Output the data below exactly, images excluded.

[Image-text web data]
*-*-*
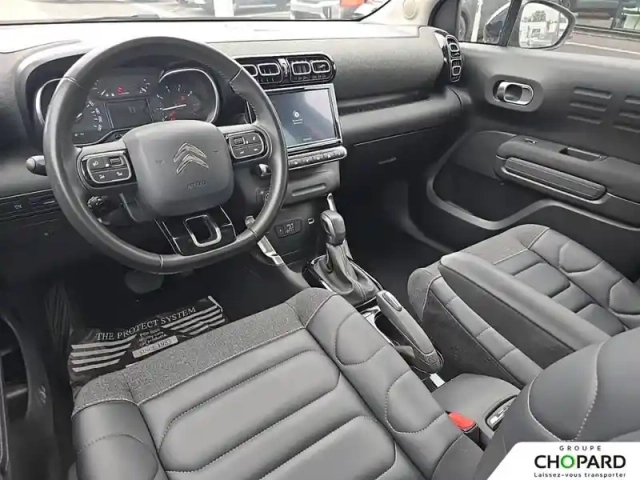 Citroën C3 Aircross puretech 130 s&amp;s eat6 — photo 10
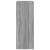 Pantofar, gri sonoma, 52x37,5x100 cm, lemn prelucrat GartenMobel Dekor
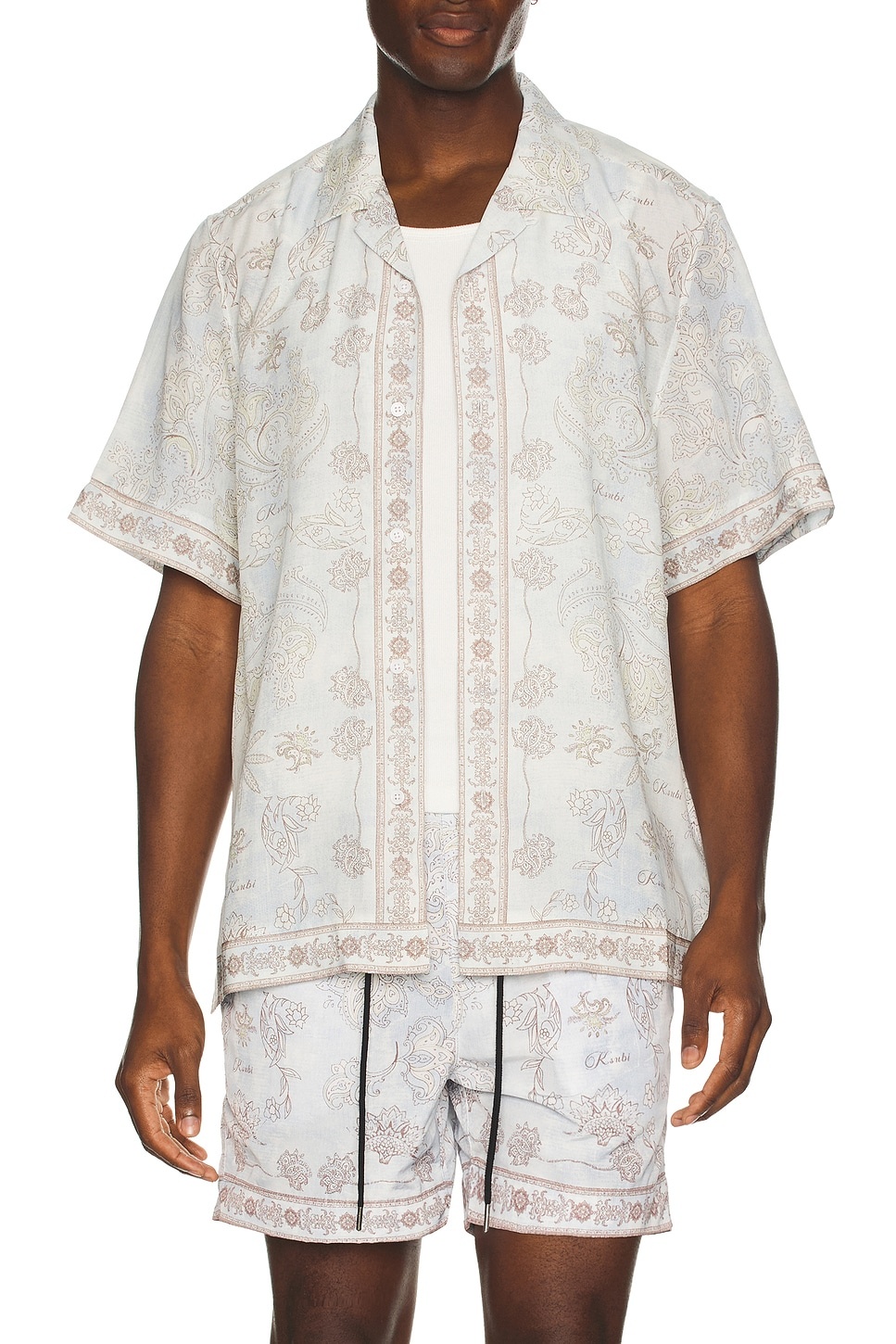 Eternity Ekcess Resort Short Sleeve Shirt - 4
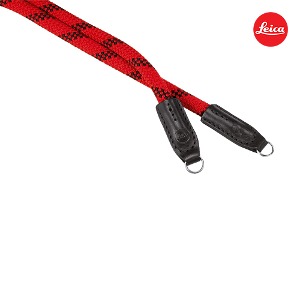[LEICA] 라이카 Leica Rope Strap, fire, 100cm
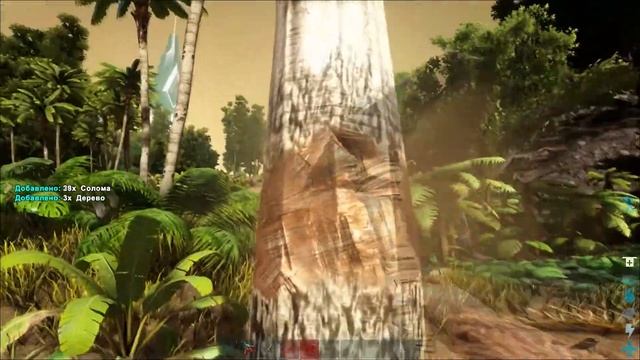 Ark: Survival Evolved #15 [Развиваемся и строим шкафы]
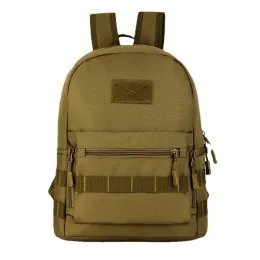 Bags 10 Liters Small Outdoor Tactics Backpack Military Fans Equipment For Hiking Climbing Men Women Molle Bag Sports Rucksack S425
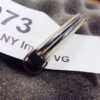 Kent NYC Imitation Pearl Miniature 2 Blade Woolworths Key Fob Jack Knife 1930s - Image 10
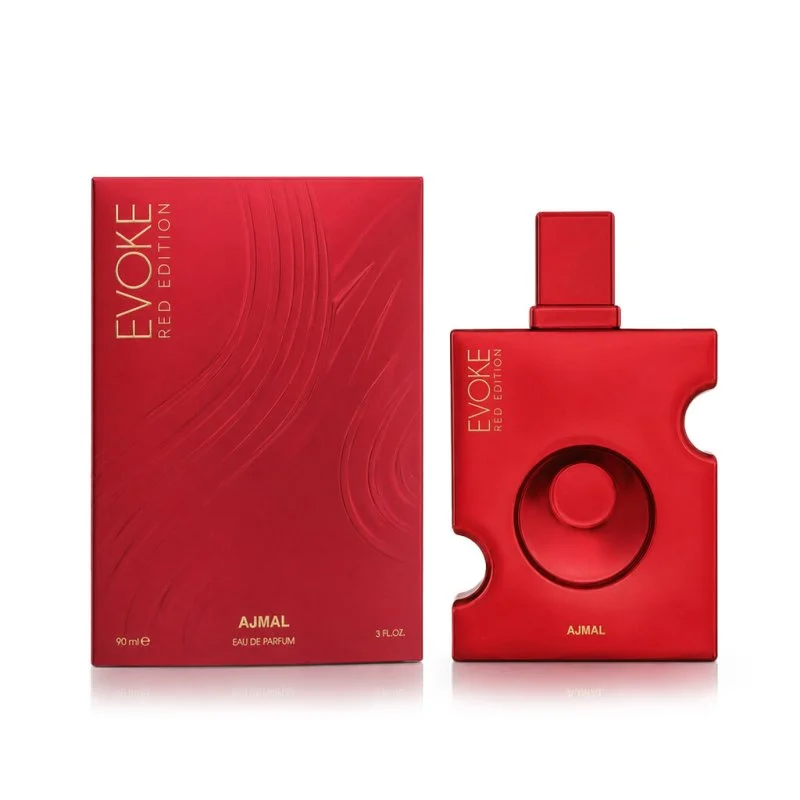 Evoke Red Edition Him Eau de Parfum for men 90 ml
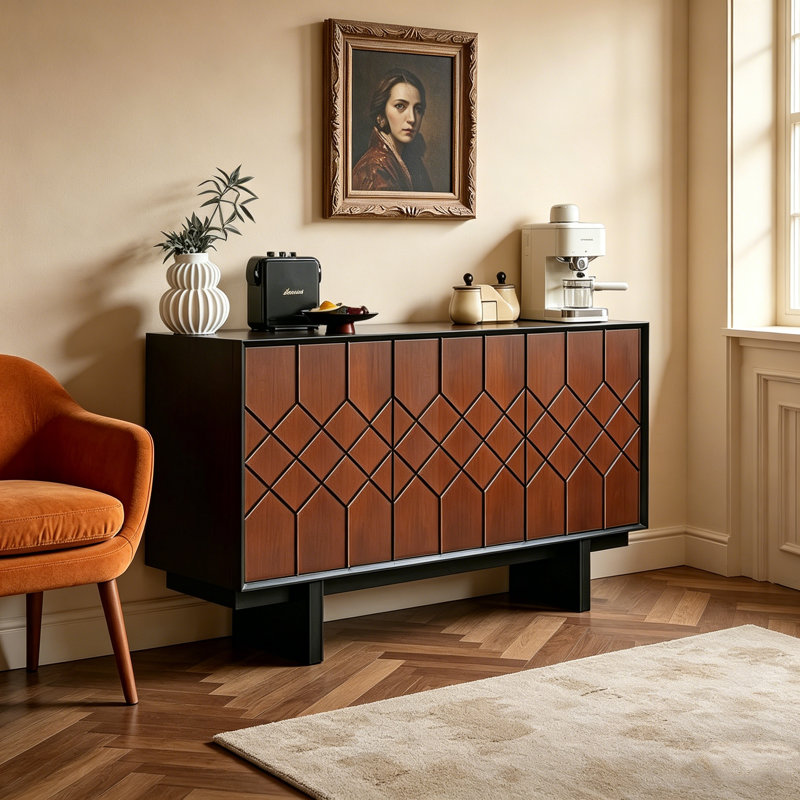 Buffet de cuisine multifonctionnel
*-*-*
◆ Written response ◆
 Citroën C3 Aircross puretech 130 s&amp;s eat6 — photo 10
 Pantofar, gri sonoma, 52x37,5x100 cm, lemn prelucrat GartenMobel Dekor
 Eternity Ekcess Resort Short Sleeve Shirt - 4
[LEICA] 라이카 Leica Rope Strap, fire, 100cm
 Ark: Survival Evolved #15 [Развиваемся и строим шкафы]
 Bags 10 Liters Small Outdoor Tactics Backpack Military Fans Equipment For Hiking Climbing Men Women Molle Bag Sports Rucksack S425
 Kent NYC Imitation Pearl Miniature 2 Blade Woolworths Key Fob Jack Knife 1930s - Image 10
 Evoke Red Edition Him Eau de Parfum for men 90 ml
 Buffet de cuisine multifonctionnel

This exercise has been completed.